Соответственно, если бы Сократ, даже живший, насколько это было возможно, в полном согласии со своим пониманием мира, не совершил своего последнего поступка, вряд ли он был бы известен сейчас более, чем один из его последователей, непосредственный вдохновитель как христианской теологии, так и неоплатонизма, Аммоний Саккас. Тело должно быть принесено в жертву идее. Об этом свидетельствует и искупительная жертва Христа.

 

Но те времена прошли. И тезис Ансельма Кентерберийского “верую, чтобы понимать” уже достаточно проявил себя. Мы знаем, что значит строить свое рассуждение, исходя из той или иной предпосылки. Пора сделать, наконец, следующий шаг на пути познания, который можно обозначить так: “Понимаю, чтобы открылось”. Ибо философам пристало идти не от веры как слепо принятой предпосылки к пониманию и Откровению, а от понимания к Откровению и вере, как акту, превышающему границы доступного познания.

Этот шаг, возвращая нас к пути восхождения, предложенному Плотином, возвратит нас и в русло прерванной философской традиции. Но здесь следует все же оговориться.

 

На IV Халкидонском соборе в 451 г. был принят догмат, завершивший длительную борьбу против попыток рационалистически объяснить воплощение путем умаления то Божественной, то человеческой природы Христа. “Неслитно, неизменно, нераздельно, неразлучно”, – так соединены в Сыне Божием две природы. Именно Ориген ввел в теологию понятие “богочеловек”, подразумевающее единство двух природ Сына Божия, которые не могут противоречить одна другой. И если мы, приняв за первый факт сознания Единое или Абсолют, не признаем вторым фактом, что он обладает подлинной и трепетной плотью, где слово часто отзывается болью, то мы всегда будем строить только холодные, далекие от всякой подлинной жизни схемы. Пусть даже они обладают математической точностью, мы все равно с их помощью никогда по настоящему не поймем искупительную жертву Христа. Так же и Августин пишет, что “Слово стало плотью и обитало с нами”, – этого я там (в книгах платоников) не прочел” (Исповедь, VII, 9, 14). И еще: “Если бы Сын Твой наставлял только словами, этого было бы мало, но Он указал путь Своими делами” (Там же, X, 4, 6).

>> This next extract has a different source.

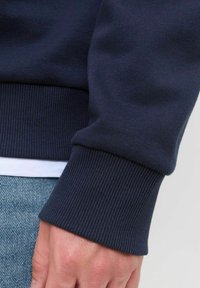 Marineblaue Sweatshirt mit gerippten Bündchen und strukturiertem Finish, aus weichem Stoff gefertigt, neben einem weißen Hemdsaum und Denim gezeigt.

Только признав наличие у Абсолюта настоящей живой и трепетной плоти, мы сможем понять, что такое “наличное бытие”, Dasein, присутствие. И только так возможно снятие антиномий разума. Мы должны, наконец, понять, прочувствовать последний поступок Сократа, а не просто истолковать его. Результатом нашего невнимания к этому факту уже явилась ужасная смерть Гипатии. Скольких еще подтверждений необходимости внимания к реальной человеческой плоти нам нужно?

Итак, от “верую, ибо абсурдно” через “верую, чтобы понимать” к “понимаю, чтобы открылось”. А понимание как раз и подразумевает снятие противоречий. В чистом же разуме, как это убедительно продемонстрировал Кант, антиномии неизбежны.